Hush Hush hh-1 Read online

Page 6


  Vee came up behind me and flopped into the opposite seat. Our waiter was on her heels.

  "Four chimis, extra sour cream, a side of nachos, and a side of black beans," Vee told him without consulting the menu.

  "One red burrito," I said.

  "Separate bills?" he asked.

  "I'm not paying for her," Vee and I said at the same time.

  After our waiter left, I said, "Four chimis. I'm looking forward to hearing the fruit connection."

  "Don't even start. I'm starving. Haven't eaten since lunch." She paused. "If you don't count the Hot Tamales, which I don't."

  Vee is voluptuous, Scandinavian fair, and in an unorthodox way, incredibly sexy. There have been days when our friendship was the only thing standing in the way of my jealousy. Next to Vee, the only thing I have going for me are my legs. And maybe my metabolism. But definitely not my hair.

  "He'd better bring chips soon," said Vee. "I'll break out in hives if I don't eat something salty within the next forty-five seconds. And anyway, the first three letters in the word diet should tell you what I want it to do."

  "They make salsa with tomatoes," I pointed out. "That's a red. And avocados are a fruit. I think."

  Her face brightened. "And we'll order virgin strawberry daiquiris."

  Vee was right. This diet was easy.

  "Be right back," she said, sliding out of the booth. "That time of the month. After that, I want to get the scoop"
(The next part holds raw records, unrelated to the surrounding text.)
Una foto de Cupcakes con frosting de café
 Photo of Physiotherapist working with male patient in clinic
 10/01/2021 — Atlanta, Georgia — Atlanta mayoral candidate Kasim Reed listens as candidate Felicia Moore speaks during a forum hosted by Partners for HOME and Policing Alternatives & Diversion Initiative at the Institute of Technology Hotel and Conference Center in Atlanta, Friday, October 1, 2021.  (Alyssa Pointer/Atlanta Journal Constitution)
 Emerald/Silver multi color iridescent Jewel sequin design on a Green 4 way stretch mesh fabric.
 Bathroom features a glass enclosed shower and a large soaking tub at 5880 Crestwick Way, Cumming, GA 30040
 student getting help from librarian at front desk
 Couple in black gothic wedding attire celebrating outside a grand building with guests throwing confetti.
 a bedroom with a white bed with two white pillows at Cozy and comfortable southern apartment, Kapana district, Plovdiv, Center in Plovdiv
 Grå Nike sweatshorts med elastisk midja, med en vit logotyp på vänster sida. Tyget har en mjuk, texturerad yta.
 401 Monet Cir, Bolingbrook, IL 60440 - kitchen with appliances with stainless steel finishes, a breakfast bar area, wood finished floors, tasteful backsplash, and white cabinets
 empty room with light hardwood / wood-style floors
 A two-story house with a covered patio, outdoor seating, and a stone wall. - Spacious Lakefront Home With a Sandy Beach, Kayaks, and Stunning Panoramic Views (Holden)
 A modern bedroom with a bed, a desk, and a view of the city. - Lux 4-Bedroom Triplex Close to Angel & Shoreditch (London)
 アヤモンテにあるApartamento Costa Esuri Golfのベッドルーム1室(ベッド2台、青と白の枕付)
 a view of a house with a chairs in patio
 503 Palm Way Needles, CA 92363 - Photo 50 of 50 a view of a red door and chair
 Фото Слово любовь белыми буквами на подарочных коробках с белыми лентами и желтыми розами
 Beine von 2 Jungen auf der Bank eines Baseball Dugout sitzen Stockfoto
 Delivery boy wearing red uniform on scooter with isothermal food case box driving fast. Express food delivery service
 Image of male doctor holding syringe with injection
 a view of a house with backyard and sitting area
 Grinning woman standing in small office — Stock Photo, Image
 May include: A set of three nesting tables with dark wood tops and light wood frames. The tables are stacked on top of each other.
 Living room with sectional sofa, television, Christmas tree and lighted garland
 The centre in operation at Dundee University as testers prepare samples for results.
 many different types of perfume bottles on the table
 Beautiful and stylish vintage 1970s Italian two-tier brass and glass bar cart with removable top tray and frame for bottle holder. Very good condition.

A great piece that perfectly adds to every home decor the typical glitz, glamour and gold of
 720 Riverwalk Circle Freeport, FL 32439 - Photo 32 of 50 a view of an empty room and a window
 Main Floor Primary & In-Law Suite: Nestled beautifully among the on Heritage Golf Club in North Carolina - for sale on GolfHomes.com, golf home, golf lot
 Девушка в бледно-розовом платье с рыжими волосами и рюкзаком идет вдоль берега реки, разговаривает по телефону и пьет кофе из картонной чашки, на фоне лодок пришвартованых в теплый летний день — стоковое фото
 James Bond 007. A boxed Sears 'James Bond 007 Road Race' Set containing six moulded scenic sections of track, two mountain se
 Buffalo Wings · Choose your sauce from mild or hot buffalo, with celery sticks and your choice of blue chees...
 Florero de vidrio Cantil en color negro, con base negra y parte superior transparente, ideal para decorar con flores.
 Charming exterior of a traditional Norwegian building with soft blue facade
  While waiting for her, I found myself concentrating on the busboy some tables away. He was hard at work scrubbing a rag over the top of a table. There was something strangely familiar about the way he moved, about the way his shirt fell over the arch of his well-defined back. Almost as if he suspected he was being watched, he straightened and turned, his eyes fixing on mine at the exact same moment I figured out what was so familiar about this particular busboy.

  Patch.

  I couldn't believe it. I thought about slapping my forehead when I remembered he'd told me he worked at the Borderline.

  Wiping his hands on his apron, he walked over, apparently enjoying my discomfort as I looked around for some way to escape, finding I had nowhere to go but deeper into the booth.

  "Well, well," he said. "Five days a week isn't enough of me? Had to give me an evening, too?"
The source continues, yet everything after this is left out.